----- Data for review

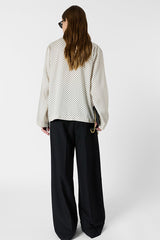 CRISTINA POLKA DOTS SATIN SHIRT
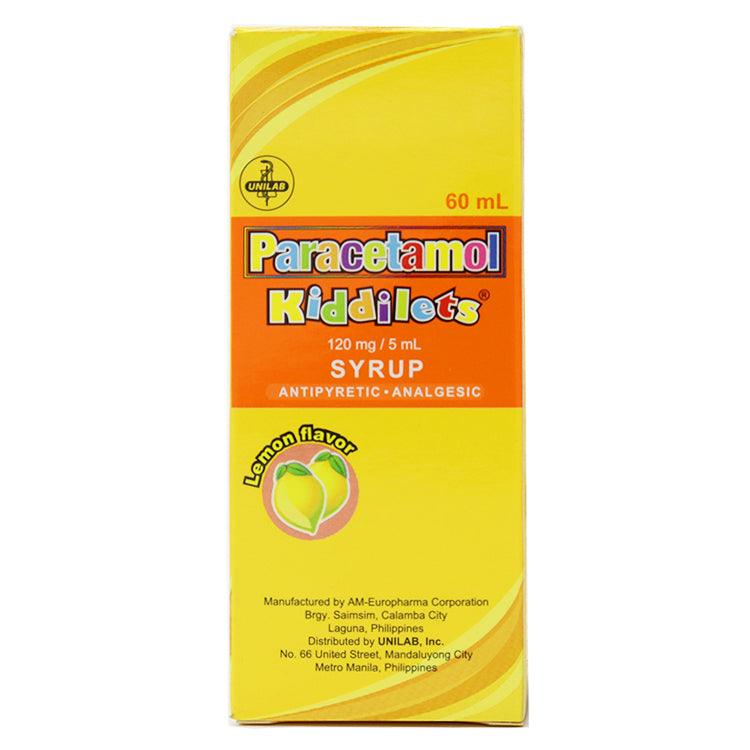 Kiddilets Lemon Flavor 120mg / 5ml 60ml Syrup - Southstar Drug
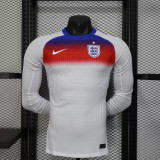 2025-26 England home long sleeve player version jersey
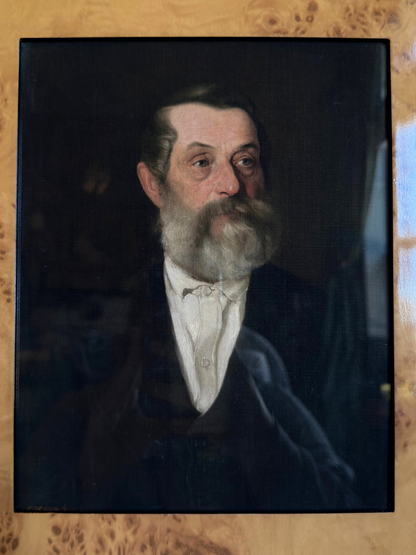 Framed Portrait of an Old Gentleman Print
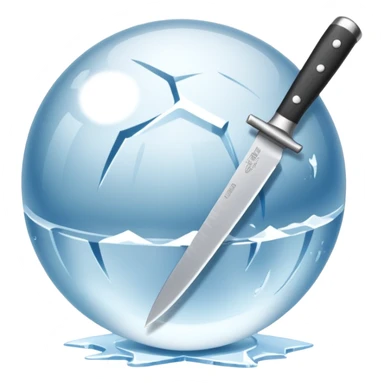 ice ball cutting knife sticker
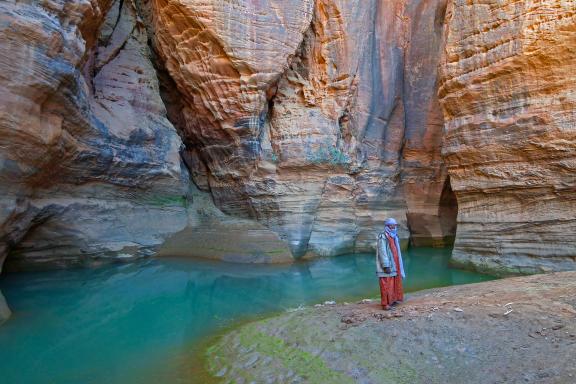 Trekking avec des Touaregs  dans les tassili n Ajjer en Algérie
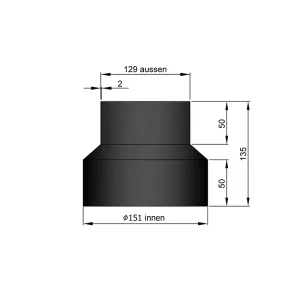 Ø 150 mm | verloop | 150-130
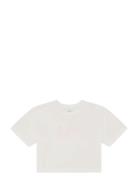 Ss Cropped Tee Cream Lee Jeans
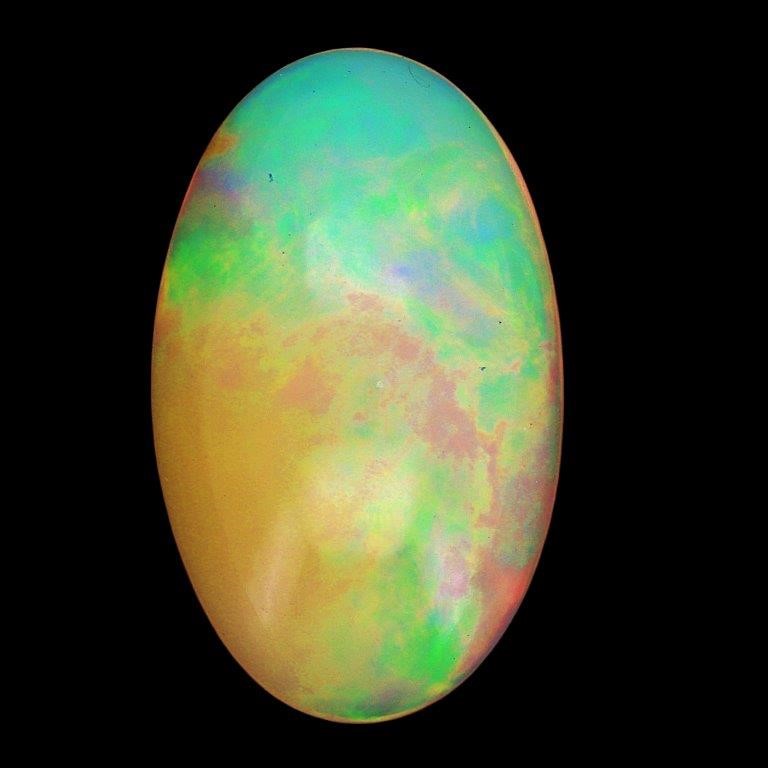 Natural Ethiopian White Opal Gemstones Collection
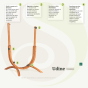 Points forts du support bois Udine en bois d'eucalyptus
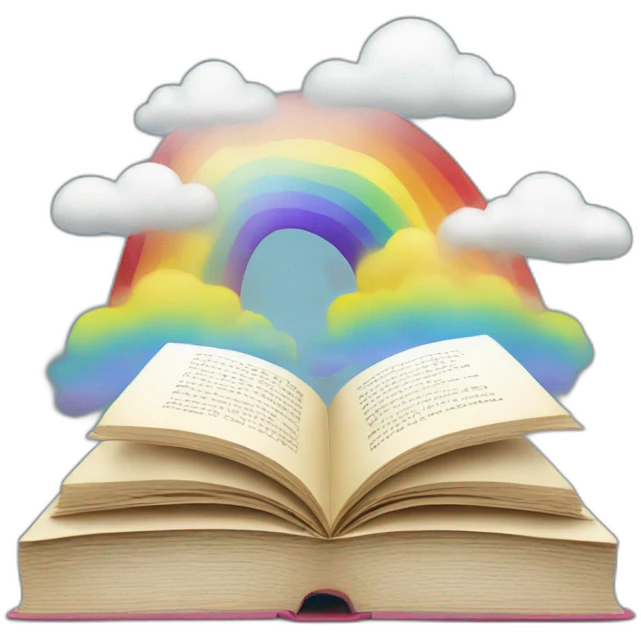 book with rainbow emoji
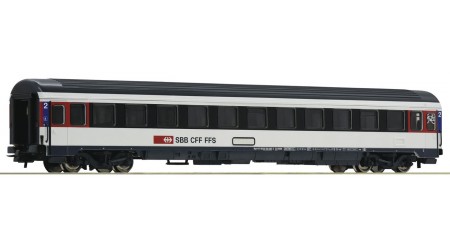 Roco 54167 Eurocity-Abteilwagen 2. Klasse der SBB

----------
----- Data for review

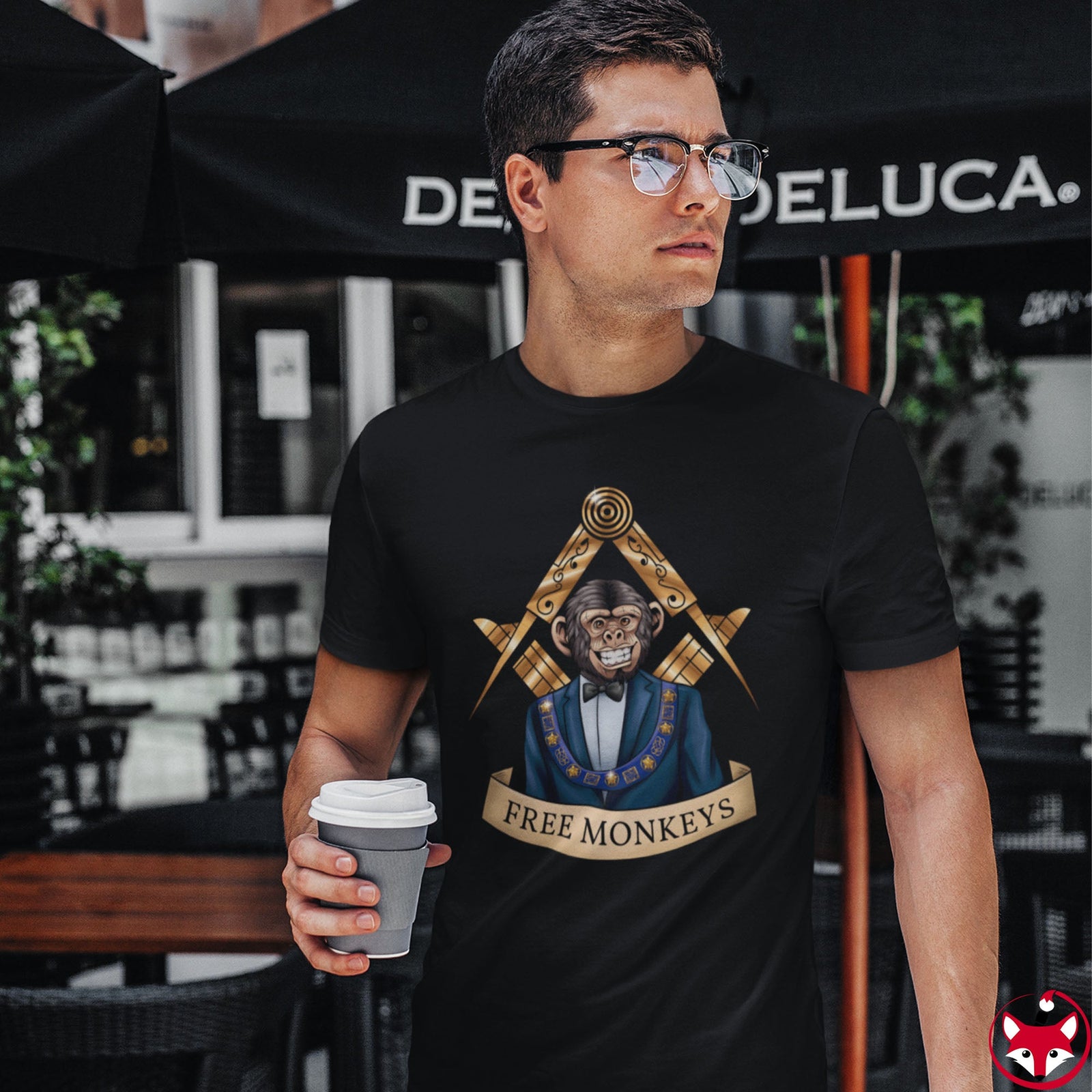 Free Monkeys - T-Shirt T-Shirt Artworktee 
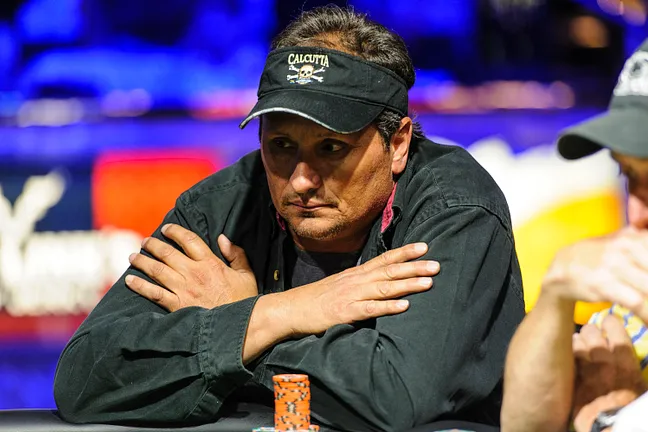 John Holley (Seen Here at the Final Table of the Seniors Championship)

----------

→ **Directions**
Above are the records. Copy only the lines from the one with "book with rainbow emoji" through the one with "Roco 54167 Eurocity-Abteilwagen", exactly, with no pictures.

→ **Reply to the task**
 book with rainbow emoji
 Roco 54167 Eurocity-Abteilwagen 2. Klasse der SBB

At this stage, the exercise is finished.